#### Activity
Leaving the pictures aside, repeat every line below exactly.
Start of Raw data
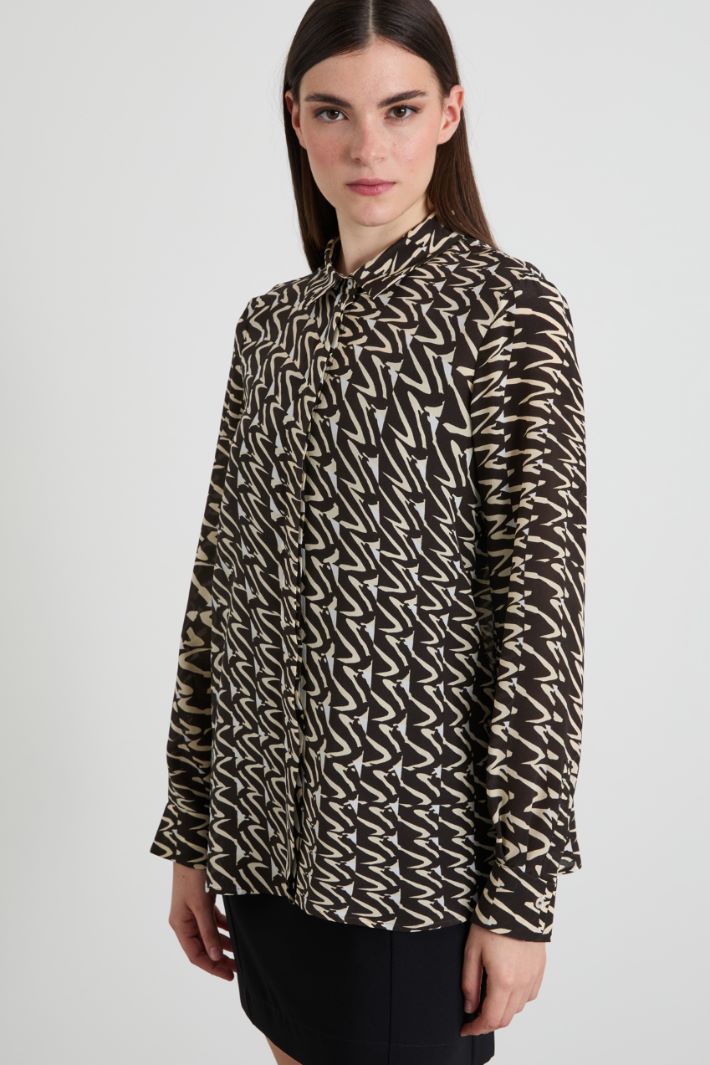 Silk crepe shirt Intrend - 4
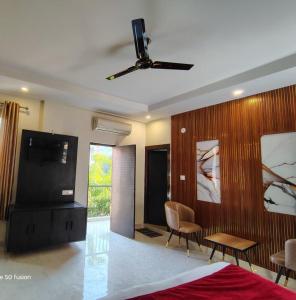 Hotel Krish Elite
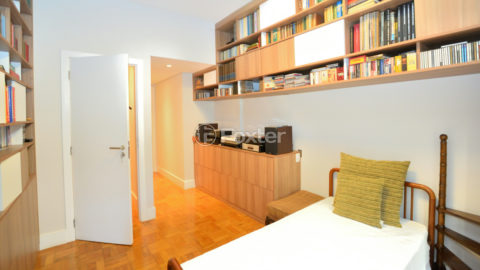 Image 32 - 1032975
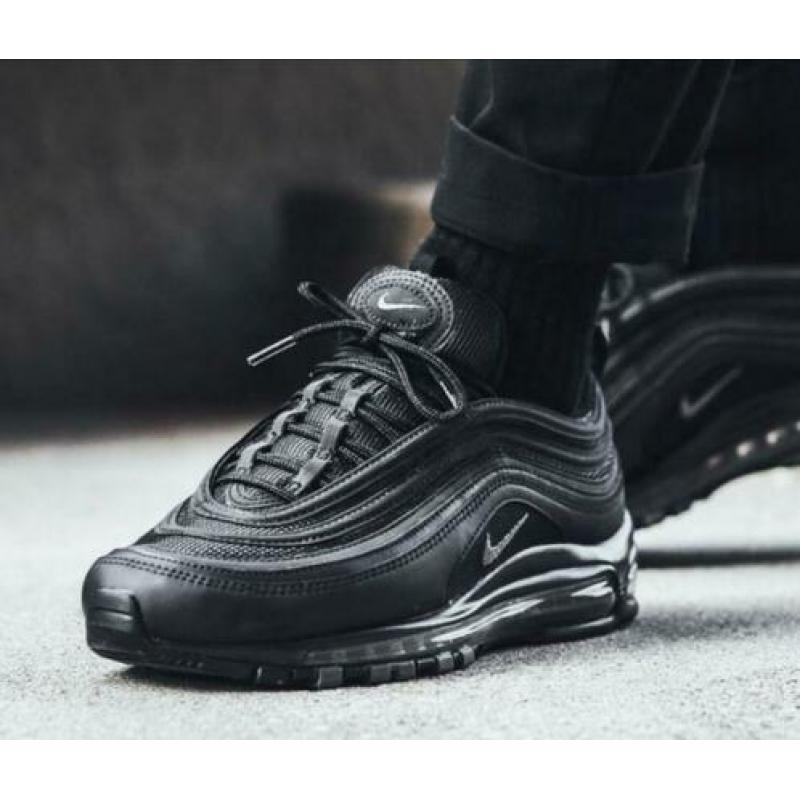 Air Max 97 Triple Black / maat 40, origineel incl doos NIEUW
End of Raw data
#### Written solution
 Silk crepe shirt Intrend - 4
 Hotel Krish Elite
 Image 32 - 1032975
 Air Max 97 Triple Black / maat 40, origineel incl doos NIEUW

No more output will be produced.